The really big point that I think is important though is that the "blame" for all this globalization/ corporateisation stuff is thrown onto the companies and somewhat reflected on the consumers but in this weird fuzzy "you should know better" sort of way. The tendency to shop at chains is a result of asymmetrical knowledge in economic systems. (One party knows more than the other, usually the seller knows more than the buyer. So I could pay a buck for coffee at an unknown shop, and take a risk because I don't know what I'll get, or pay $2 at Starbucks for a guaranteed product.) If this is the expected way people behave in these systems maybe we should look to changing the system rather than asking people not to act that way.
 
 
ONLY NICE THINGS
12:29 / 03.01.04
Thanks, not-actually-dizfactor. That has filled out some gaps in my knowledge (or shored up some peaks rising out of the marsh of my ignorance, depending on how you want to look at it) very well, and I see how the Starbucks/local coffee shop dynamic could work. It's rather like the opinion held by various friends of mine that Borders is not a massive threat to the other bookshops on Charing Cross Road, because ultimately borders is only frequented by people who *don't like books*. I guess the next question would be why does the arrival of Starbucks into a neighbourhood increase the number of people drinking coffee, and why, if only the arrival of Starbucks has them drinking coffee, do they want to move to other coffee shops? I'll try to dig out the article, but I do hear the gentle hum of spin here...

Meanwhile, back at the sneakers, I suppose the question remains whether the sneakers matter, or whether they are just a device for packaging the critique - a new spin on the joke advert. Since they *don't* exist at present, maybe they never will or never should, but this certainly got more coverage than another clever Absolut parody...

On to your last paragraph - lots of interesting stuff here. Whose responsibility is it to straighten this out, do you think? Can you be a big company and also be working to increase your customer's information and so unltimately freedom? Could that be a way, to take Gingerbop's point, for a big producer not to have to fall on itself if it was applying "Adbusters ethics"? Or does the process have to start from below?
 
 
Baz Auckland
11:32 / 04.01.04
Despite the example you mentioned it is not Starbucks general practice to buy local coffee shops and convert them into Starbucks. (Not saying they haven't done it, it's just as common.)

To counter the WSJ though, No Logo talks of how it is Starbucks policy to buy out the lease from at least one popular cafe in the area to have as the first store to open... again according to No Logo they tried this in Toronto but were caught trying this and suffered bad PR as a result (and that goth club was in Toronto as well, not Seattle. )

I think the WSJ article may be true in some cases, but when they open 130 stores within five years in a city, there's going to be some coffee shops going under.
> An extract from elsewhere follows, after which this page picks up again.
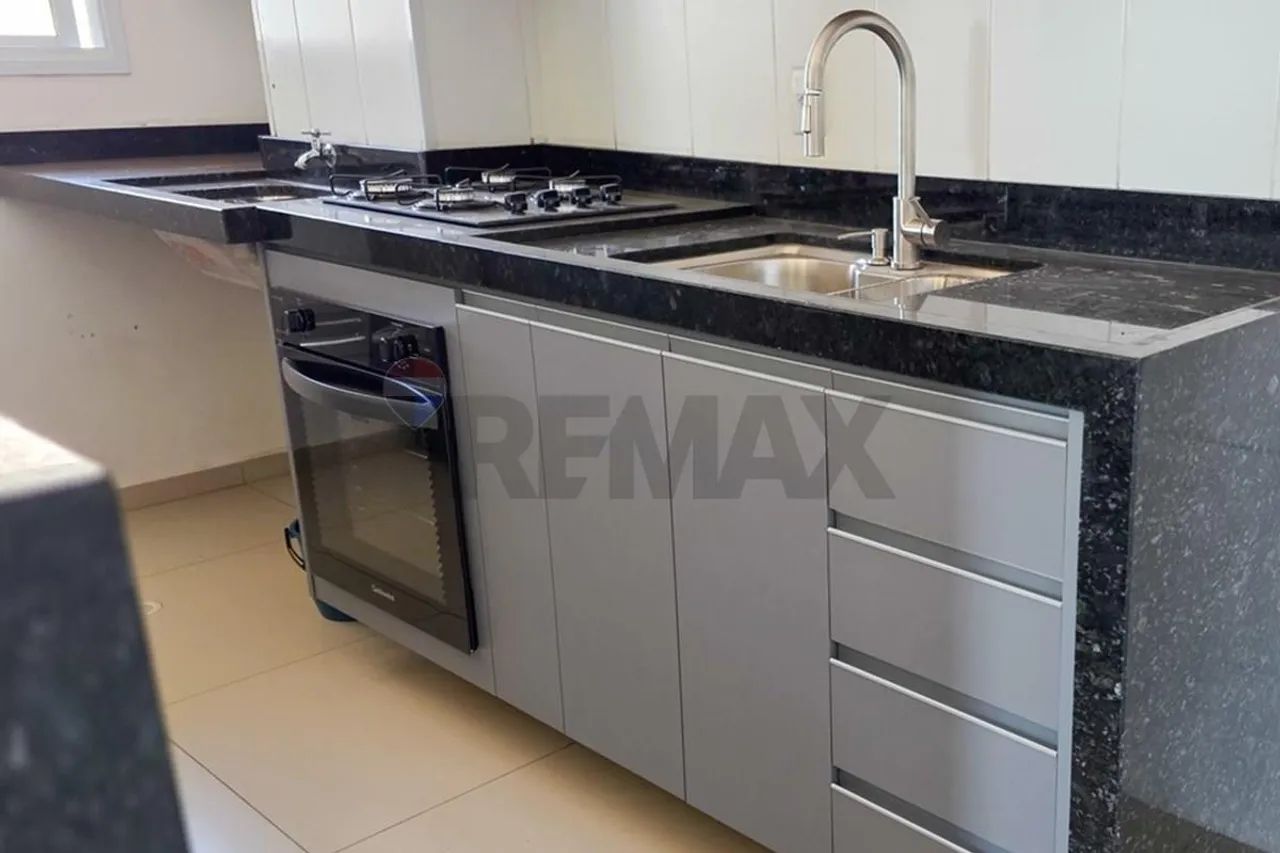 ATMOSFERE  75 m² de conforto e sofisticação, com 2 quartos, sendo 1 suíte, e cozinha plane - Foto 3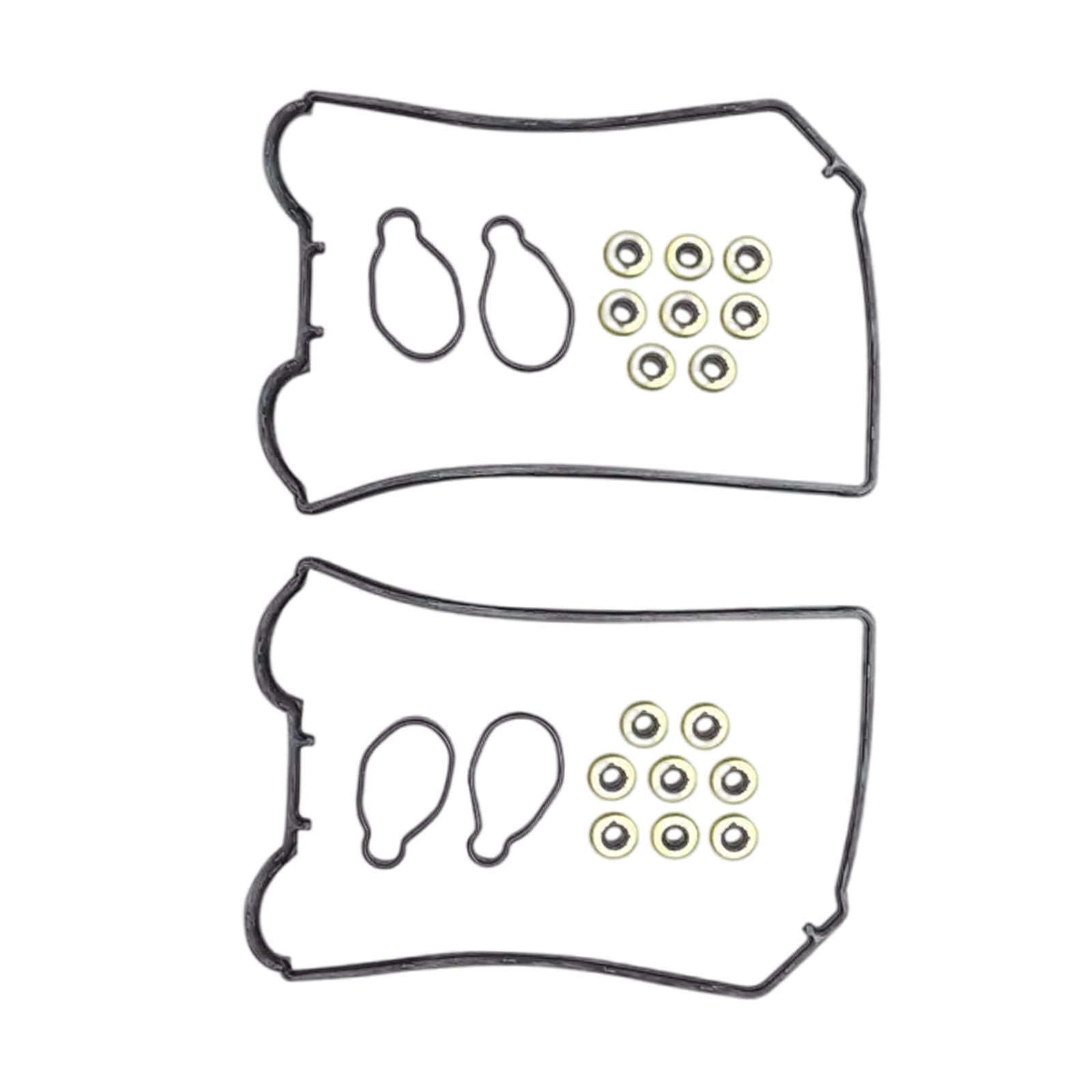 Rocker Cover Gasket Kit Suitable For Subaru Impreza 98–99 WRX GC8 GM8 2.0L EJ207 - Frazy's Auto Parts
Especially when Starbucks seems to have a policy of opening up a shop next door or across the street from other cafes in the city...

There's an old thread of the evils of Starbucks here if anyone's interested...
 
 
alas
20:39 / 05.01.04
I also think marketing is over-blamed as a source of all evil in the world. But it keeps our TV licenses down, so fuck it.

The US/UK cultural divide is possibly rearing its apparently ugly head again. (If a divide can be said to have a head, that is.) In the US we have no TV licenses. I think if British people watched US television in the US most would be appalled. The American Association of Advertising Agencies (AAAA) and the Association of National Advertisers, Inc. (ANA) produce a yearly "Television Commercial Monitoring Report"' the most recent one I can find is 2002's, which covers 2001.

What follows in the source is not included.